**TASK GOAL:** Beginning at the line that mentions "Poster Amaryllis Tulip", retype the rest of the records below exactly. Pictures are not part of the copy.

Data excerpts
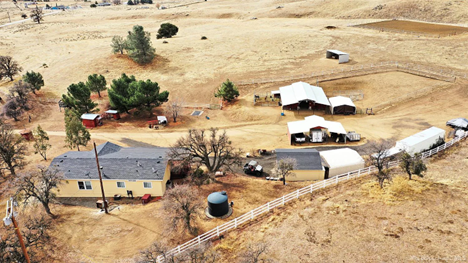 Sunset Acres | Support Senior Horses — Lifesavers Wild Horse Rescue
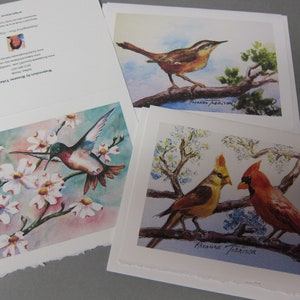 K&ouml;nnte beinhalten: Vier Aquarelle von V&ouml;geln auf &Auml;sten. Das erste Bild zeigt einen Kolibri mit roten und gr&uuml;nen Federn, der in der N&auml;he von wei&szlig;en Bl&uuml;ten fliegt. Das zweite Bild zeigt einen braunen Vogel mit langem Schwanz, der auf einem Ast sitzt. Das dritte Bild zeigt einen gelben Vogel mit roter Haube, der auf einem Ast sitzt. Das vierte Bild zeigt einen roten Kardinal, der auf einem Ast sitzt.
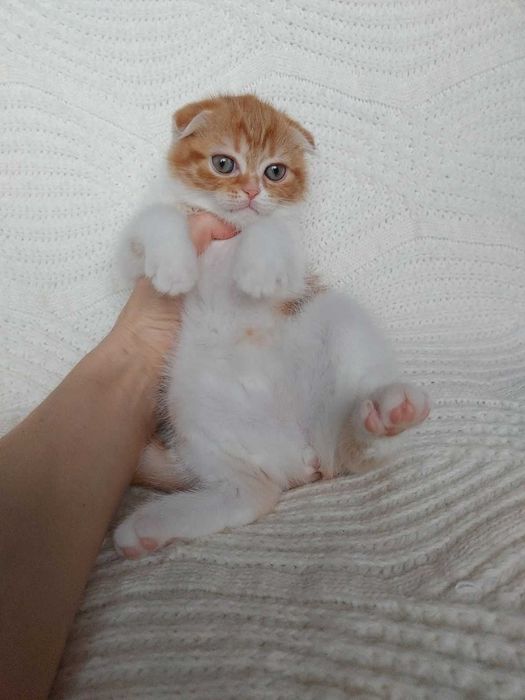 Симпатичный и харизматичный котенок-девочка породы Скоттиш Фолд. Киев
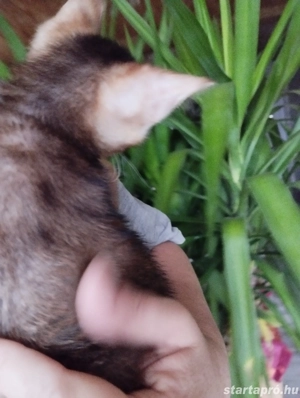 Beng li abesszin kiscica - kép 3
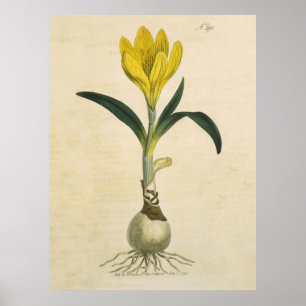 Poster Amaryllis Tulip Jardin Botanique Fleur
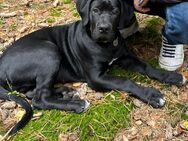 Cane Corso Mix Welpe - Edemissen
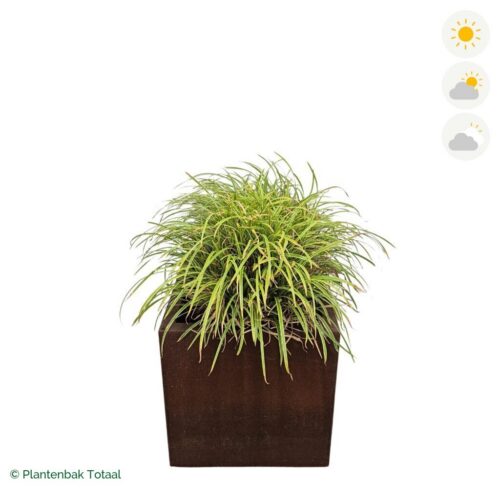 productfoto van plantenbak Cortenstaal Carrez Vierkant Zegge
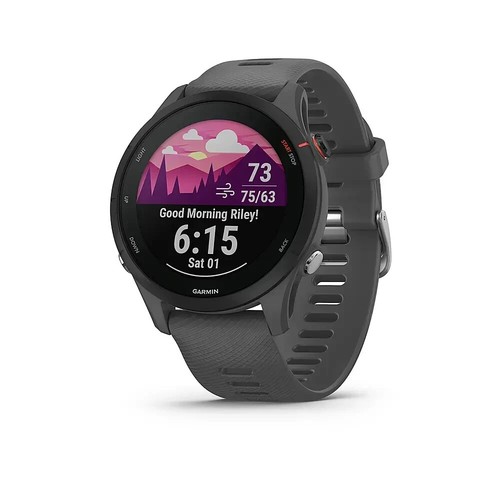Garmin forerunner 255 slate - garmin,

**WRITTEN SOLUTION:**
 Poster Amaryllis Tulip Jardin Botanique Fleur
 Cane Corso Mix Welpe - Edemissen
 productfoto van plantenbak Cortenstaal Carrez Vierkant Zegge
Garmin forerunner 255 slate - garmin,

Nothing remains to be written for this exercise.